Have you noticed restaurant wine lists shrinking?: Absolutely, particularly in large chains. We’ve been losing ground to craft beer and cocktails. All have cocktail lists now. I’ve seen some [wine list selections] reduced. It becomes a complicated question on how a brand can stand out to the gatekeeper and then how to stand out to the consumer. Those are two different things in how to achieve that. One things with the three-tier [distribution] system is wineries are separated from the consumer, unless they go direct to consumer. If you’re going through wholesale, there are different criteria for buyers than consumers. Appellation doesn’t matter to the consumer, but it means a heck of a lot to the gatekeeper.

Then it comes down to packaging that makes the consumer pick up a bottle once, and then quality will keep them coming back. I call it the “pet rock syndrome.” If you have a fancy package, it’s like a pet rock. You will only sell one.

There are lots of ways to look at standing out on the shelf and in the consumer’s mind. When [Hahn’s HRM] Rex Goliath came out in 2002, and with Yellowtail, they created the whole “critter label” thing. [Rex Goliath Giant] 47 Pound Rooster could have been gimmicky, but it wasn’t because the quality was there. I purposely designed it to look vaguely French provincial, because it was an import.

With the critter brands, the shelves became cluttered with all kinds of different labels. Now I’ve gone back to the classics, with a lot of white space on the label. Another change came with the advent of track lighting in grocery stores. Now in Safeway, Whole Foods and other stores there is a lot of darkness with spotlights.

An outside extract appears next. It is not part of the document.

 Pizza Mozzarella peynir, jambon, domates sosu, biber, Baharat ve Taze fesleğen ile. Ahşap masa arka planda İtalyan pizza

So if you have a dark label in a dark environment, you are doomed.

Is there a move away from silk-screened labels because of those dark wine aisles?: I think that has already has been happening. I have no statistics, but anecdotally I notice wineries are going back to classic and straightforward labels. Even Ménage à Trois has a classic label.

Authenticity: I see the market as pre-September 2008 and post-September 2008. Pre was like the roaring ’20s and going to party like it’s 1999. Since 2008, the mood has shifted, and the consumer is not in a party mood. Even though the jobs situation is getting better and the economy is getting better, consumers still do not believe it. Since the Great Recession of 2008, it is more like the feeling of the Great Depression. There is a fundamental shift in the values of consumers, and that is reflected in their view of the price–quality relationship.